If you have ever made a depth stop for your DP I would like to know how you did it.

Thanks


----------



## Ghidrah (Oct 21, 2008)

I'm sure this is too simple, but if your DP doesn't have a stop, (why would they build one without) you could always use the table height adjustment


----------



## Cherryville Chuck (Sep 28, 2010)

I can imagine how to make one depending on whether there is room between the handle assembly (spokes) and the casing. All mine is on my Delta press is a stop collar that locks to the shaft. If there is room for a collar to fit on the quill shaft then you could drill and tap it for a set screw bolt. Then you could drill the drill head for a pin or bolt for the set screw bolt to stop against. This would give you just under 1 full turn of the handle for depth adjustment.


----------



## hawkeye10 (Jul 28, 2015)

Ghidrah said:


> I'm sure this is too simple, but if your DP doesn't have a stop, (why would they build one without) you could always use the table height adjustment


Ronald it does have a depth stop but it's one of those that operates like a set screw but you hand tighten it. It might as well not have one.


----------



## RainMan 2.0 (May 6, 2014)

http://www.routerforums.com/jigs-fixtures/70978-drill-press-depth-stop.html


----------



## Quillman (Aug 16, 2010)

Up & down stops.


----------



## Ghidrah (Oct 21, 2008)

Sorry Hawkeye10, I have limited experience with models other than my old Delta the stop is built into the pinion handle.


----------



## vindaloo (May 30, 2009)

hawkeye10 said:


> If you have ever made a depth stop for your DP I would like to know how you did it.


It depends what you already have on your DP. Mine is on the pull-down handle, others have a threaded rod with hex or knurled nut.

Which DP do you have?


----------



## hawkeye10 (Jul 28, 2015)

Angie I have a Harbor Frieght DP. Their brand name is Central Machinery.
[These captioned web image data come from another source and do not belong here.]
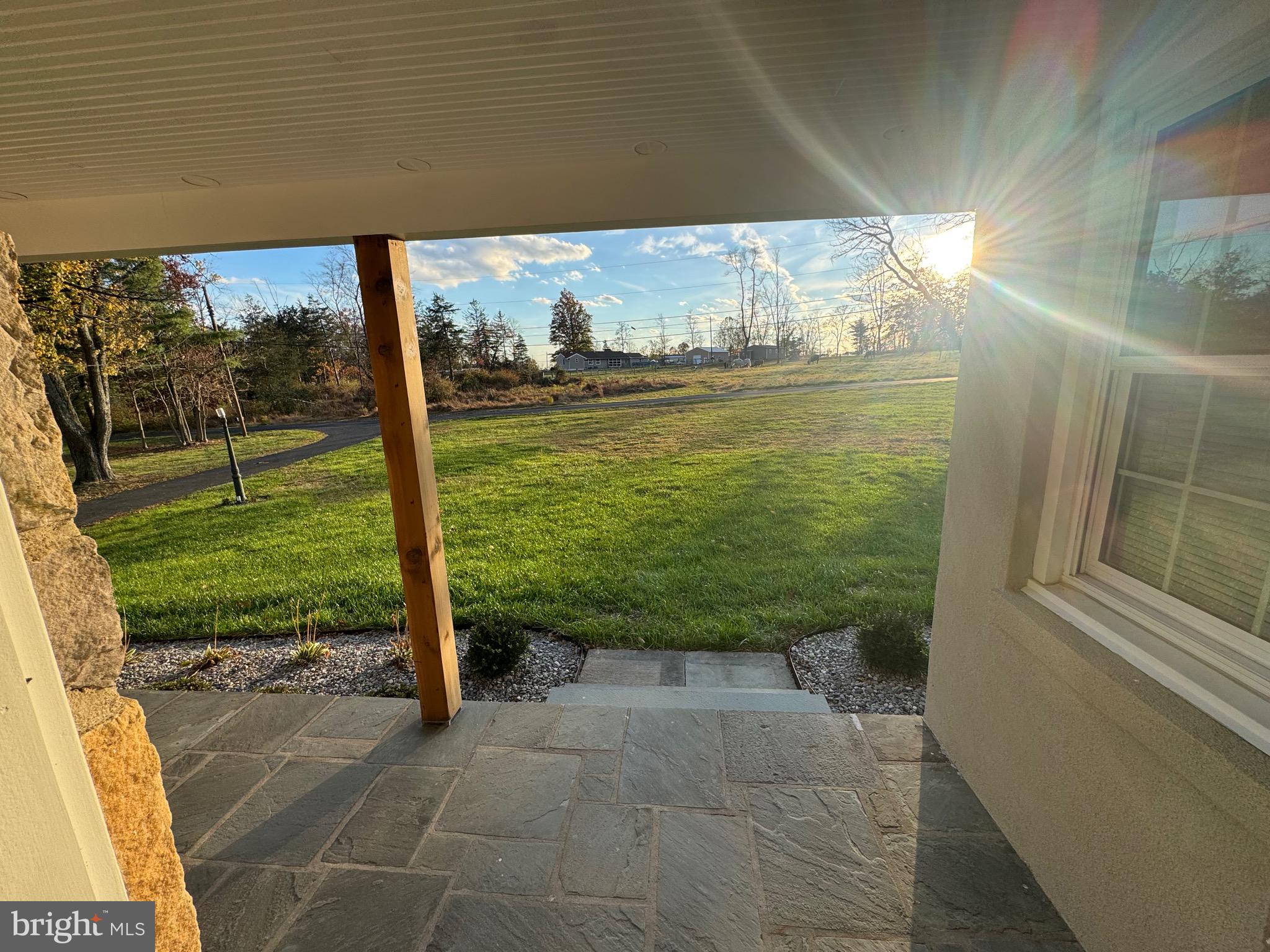 55 Apple Hill Road Furlong, PA 18925 - Photo 5 of 30 a view of a porch
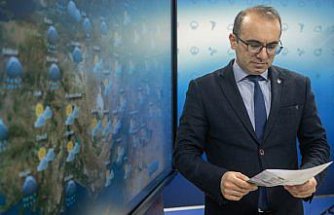 Yurtta hafta boyunca soğuk ve yağışlı hava etkili olacak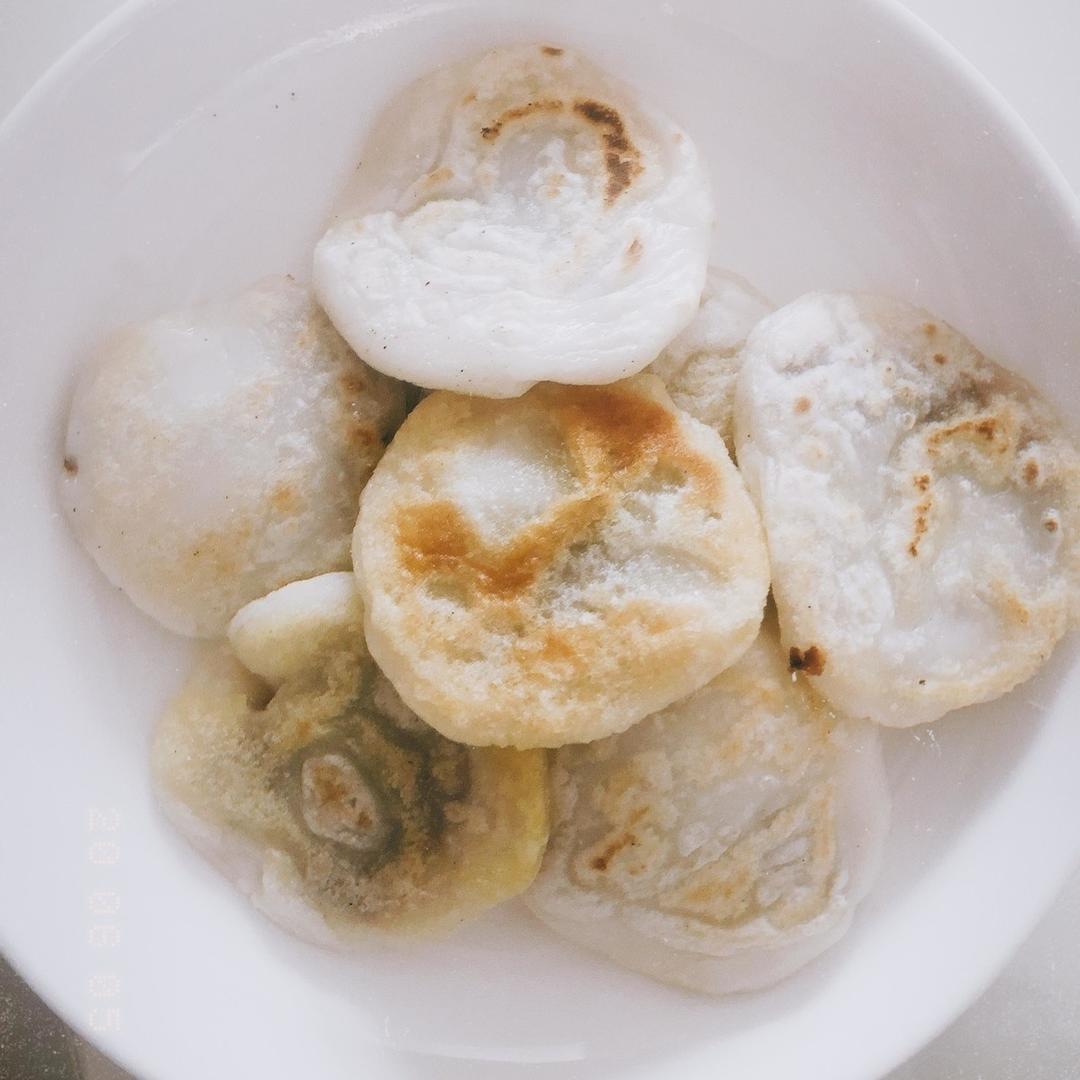 糯米豆沙饼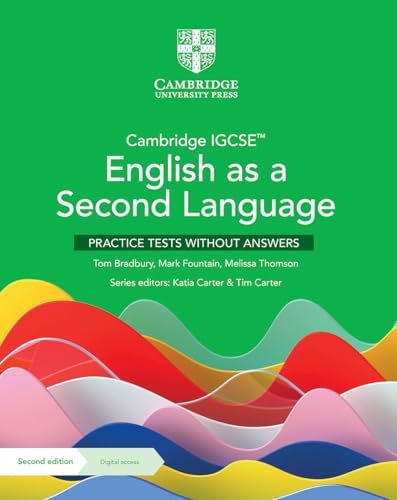 Cambridge IGCSEÖ English as a Second Language Practice Tests without Answers wit Imagen principal del producto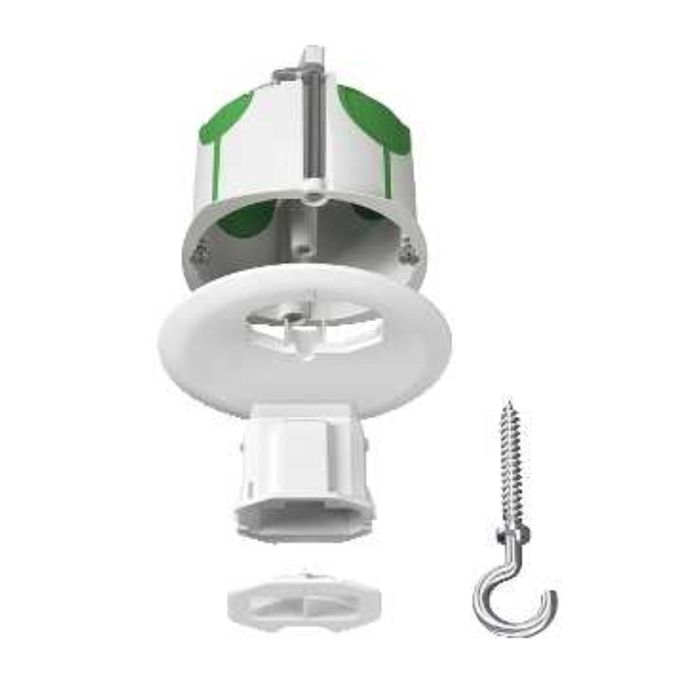 Boite Point de centre DCL Etanche Schneider MULTIFIX AIR, Couvercle non affleurant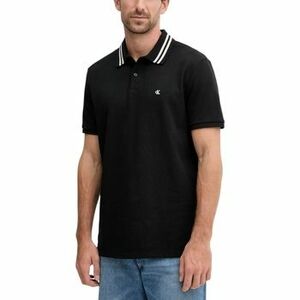 Rövid ujjú galléros pólók Calvin Klein Jeans SS MONOGRAM PIQUE LV04RC276G kép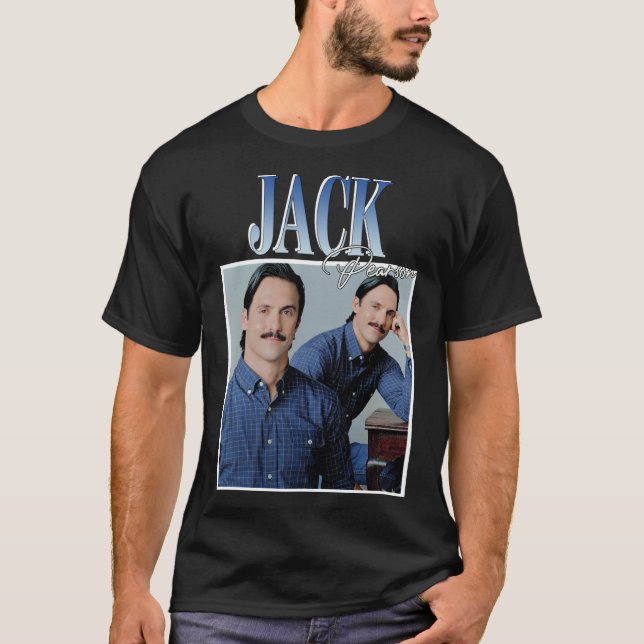 Camiseta Jack pearson Classic T-Shirt (Frente)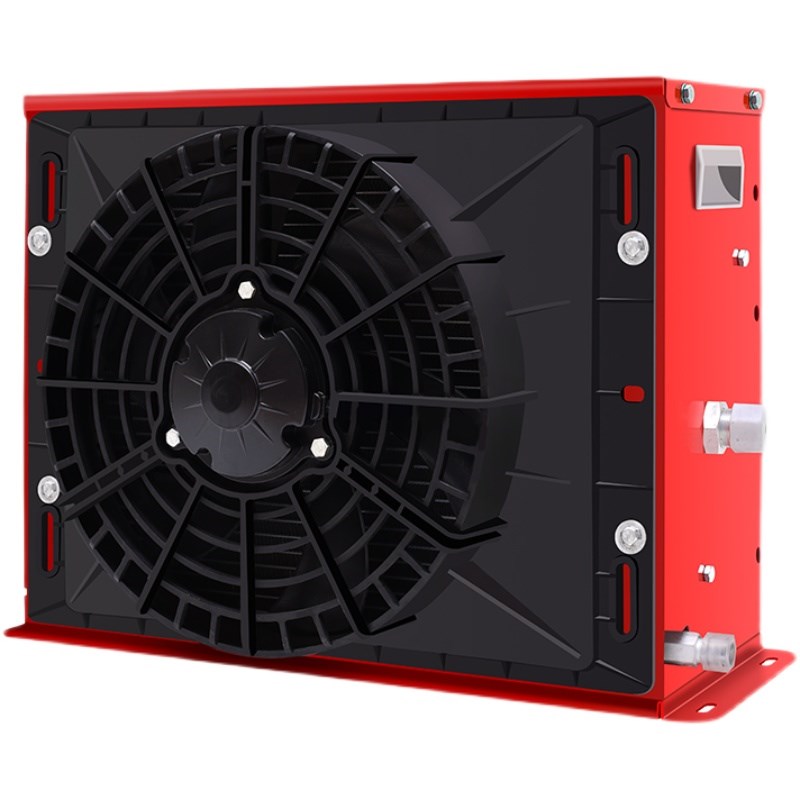 大货车驻车空调制冷改装一体机24v1J2v电动房车汽车挖掘机载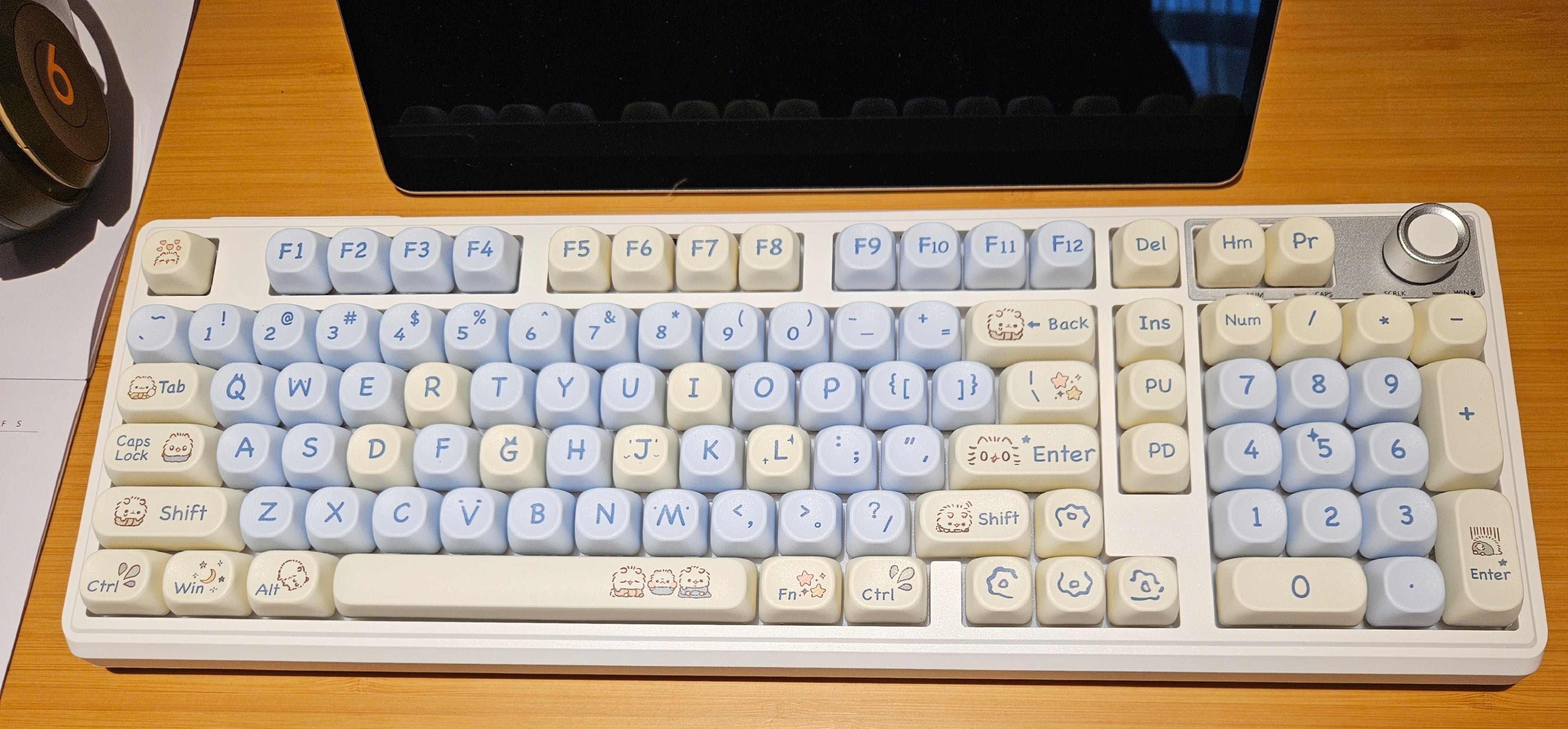 Puppy Adventure Mechanical Keyboard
The size is between a table top and a floor model. I have been looking for a good used DP for several months but so far I have had no luck.


----------



## hawkeye10 (Jul 28, 2015)

RainMan1 said:


> http://www.routerforums.com/jigs-fixtures/70978-drill-press-depth-stop.html


Rick the double nutted stop is what I would love to have on my DP. I know they are a pain to use but at least they work and I really don't need a stop very often.


----------



## difalkner (Jan 3, 2012)

Here's one I made last year but it's kind of tedious -


----------



## Murtu01 (Mar 9, 2014)

I found this on YouTube some time ago from A Cut Above Woodworkings:

A Cut Above Woodworking - 




Some YouTube searches: https://www.youtube.com/results?search_query=drill+press+depth+stop

Hope this helps.


----------



## vindaloo (May 30, 2009)

difalkner said:


> Here's one I made last year but it's kind of tedious ........





Murtu01 said:


> I found this on YouTube some time ago from A Cut Above Woodworkings:......


There doesn't appear to be a depth bar on the harbor freight DP's. They use a collar on the pull-down handles center. I have the same problem, no depth bar.


----------



## rcp612 (Oct 22, 2008)

Woodsmith issue 221 for October has the plans for a very nice depth stop that can also be used to hold the quill at a set depth, as for sanding applications. It is on my to do list. :yes4:


----------



## hawkeye10 (Jul 28, 2015)

rcp612 said:


> Woodsmith issue 221 for October has the plans for a very nice depth stop that can also be used to hold the quill at a set depth, as for sanding applications. It is on my to do list. :yes4:


But I don't subscribe to Woodsmith. Can you post a link or picture?


----------